Meski berstatus ASN, namun kategori mereka nanti adalah sebagai Pegawai Pemerintah dengan Perjanjian Kerja (PPPK). Sebagaimana tertuang dalam Pasal 1 ayat (4) UU No 5/2014, menjelaskan bahwa PPPK adalah warga negara Indonesia yang memenuhi syarat tertentu, yang diangkat berdasarkan perjanjian kerja untuk jangka waktu tertentu dalam rangka melaksanakan tugas pemerintahan.

Serupa tapi tak sama. PNS maupun PPPK, keduanya adalah sama-sama sebagai ASN. Hak-hak yang akan diterima pun sama, dari gaji pokok hingga tunjangan-tunjangan yang akan diterima kedua status ASN tersebut tunjangan keluarga, tunjangan pangan, dan tunjangan jabatan. Sebagaimana hal tersebut telah diatur dalam penjelasan yang tertulis di dalam Perpres No 98/2020 tentang Gaji dan Tunjangan Pegawai Pemerintah dengan Perjanjian Kerja.

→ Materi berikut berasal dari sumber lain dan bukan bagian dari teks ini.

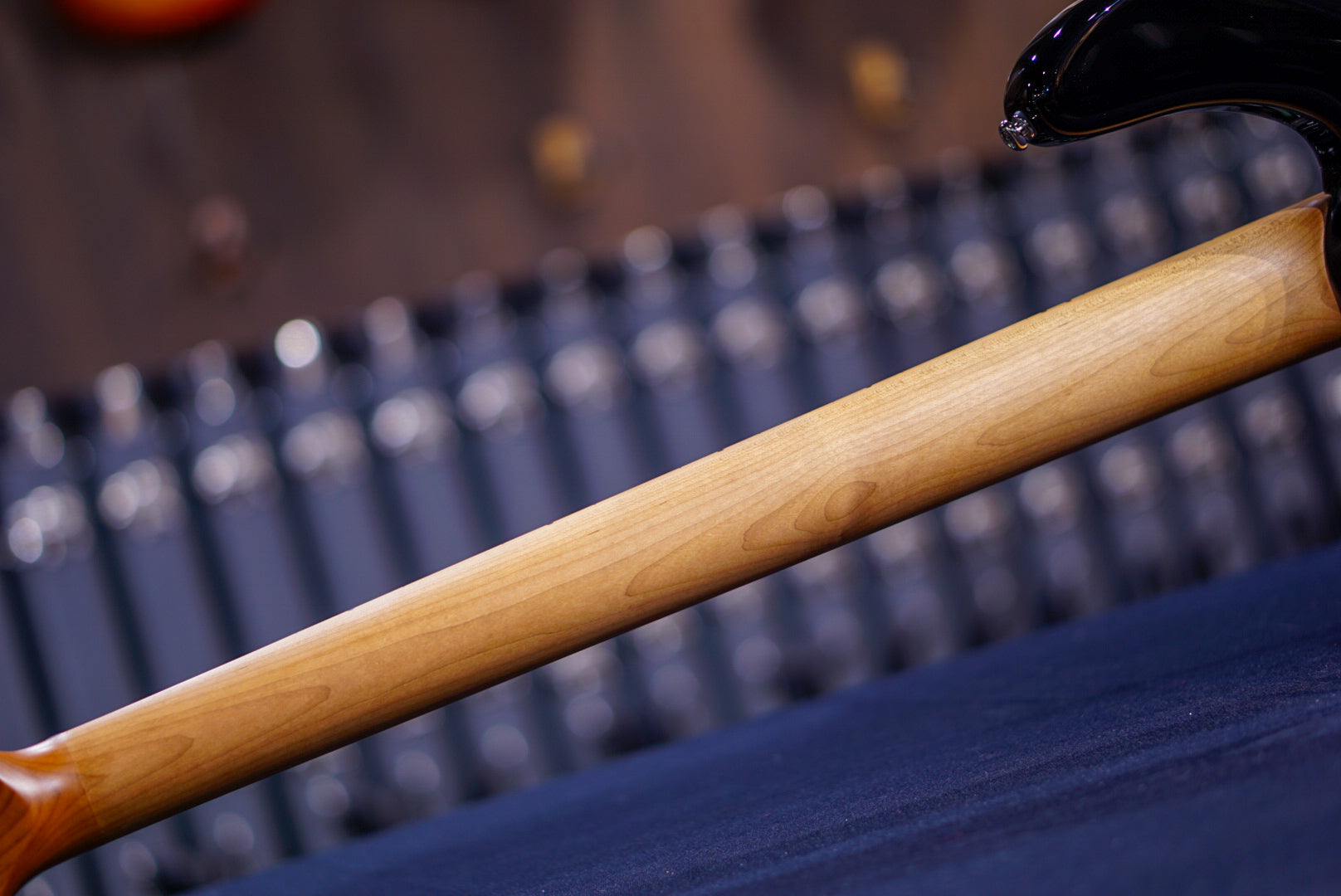 Ernie Ball Music Man StingRay Special 4 HH Black K03821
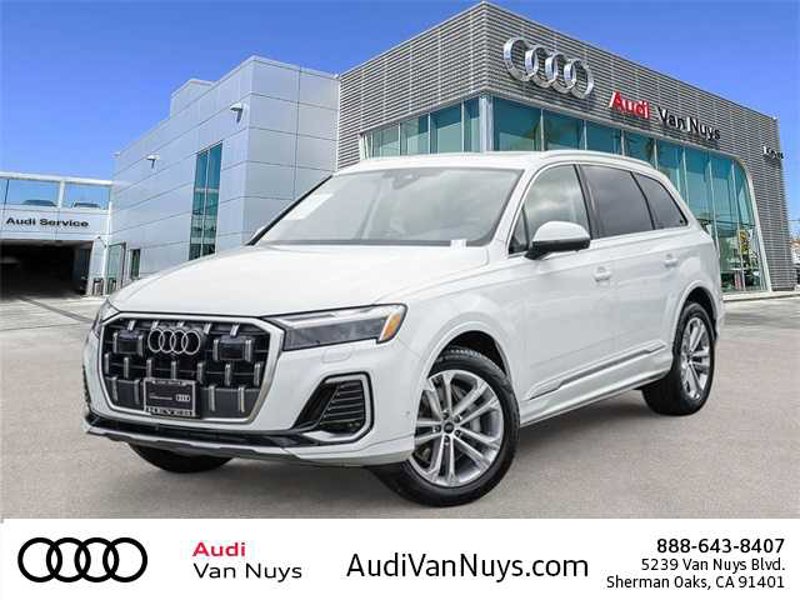 Certified 2025 Audi Q7 2.0T Premium Plus w/ Premium Plus Package image 1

Bedanya jelas bahwa PNS punya kedudukan dan posisi yang lebih "aman" dibanding PPPK. Ya namanya juga dikontrak, tinggal dilihat berapa lama dikontraknya serta mekanisme untuk kelanjutan kontrak nya seperti apa.

Ini bukan persoalan keluhan atau pun ketidakikhlasan menjalani sebuah profesi. Namun ini adalah bisa dianggap sebagai sebuah "alarm" bagi para pemangku dan pembuatan kebijakan agar tidak semakin memperparah dikotomi profesi guru.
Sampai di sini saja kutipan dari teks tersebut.